これは、三百五十年前、中国より禅の教えを伝えた隠元禅師が開かれた、黄檗宗本山黄檗山萬福寺(京都宇治市)の山内の回廊に下げられた版木に書かれている偈文である。

現在でも萬福寺では、中国の唐韻(とういん)で「キンペダチョン・センススダ・ウジャンジンソウ・コギシンキョ・シイウファイン」と、起床・就寝の合図として修行僧(雲水)が山内を唱えて巡照している。

 修行僧(雲水)たちに対し、光陰は矢より早く、身命は露よりももろいことを警告して、この人生の一大事を悟るべく寸刻を惜しんで努力精進すべきことをさとす言葉である。

―各々方よ、生死の問題の重大さに気付かれよ。諸行は無常である。時は一刻たりとも止まってはくれない。明日ありと思うて、ゆめゆめ怠りめさるな。―

「諸行は無常」ということは仏教の出発点である。「諸行」とは我々をとりまき、我々をあらしめている、よろずのはたらきというのが、その語義であるが、煎じ詰めれば、我々自身の「生・老・病・死」のありさま、つまりは「生死」である。「生死」はまた、仏典の用語としては、ただ一度の生き死にではなく、数限りない生死流転、輪廻転生をいう。その移り変わりの機を「無常」と表現する。この無常なる人生にあって、人は如何に処すべきか。人は死を恐れ、不死を望む。無常をはなれて、常住の安楽を求める。生死の苦を越え出た寂静安楽の世界を、仏教では「涅槃」とよぶ。

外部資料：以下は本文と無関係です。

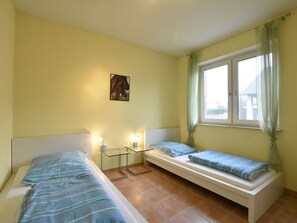 Ferienhaus | 2 Schlafzimmer, individuell eingerichtet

 生死を離れて涅槃に入るというが、何処に涅槃という世界はあるのか。我々には、生まれて死ぬ無常なあり方を除いて、他のあり方はない。無常だとなげくのは、人生が無常であるのに、それと気付かず、いつまでも変わらぬものと思って、むさぼり、恋々として執着し、挙げ句の果てに自暴自棄で苦しんでいるからではないか。諸行無常と悟れば、そこに涅槃の世界がある。生死即涅槃であり、生死をおいて、他に涅槃はない。これが「生をあきらめ、死をあきらめ」ることである。菩提心を発し、菩提道を行じ、衆生済度の実践こそが仏教の第一義である。(S・H)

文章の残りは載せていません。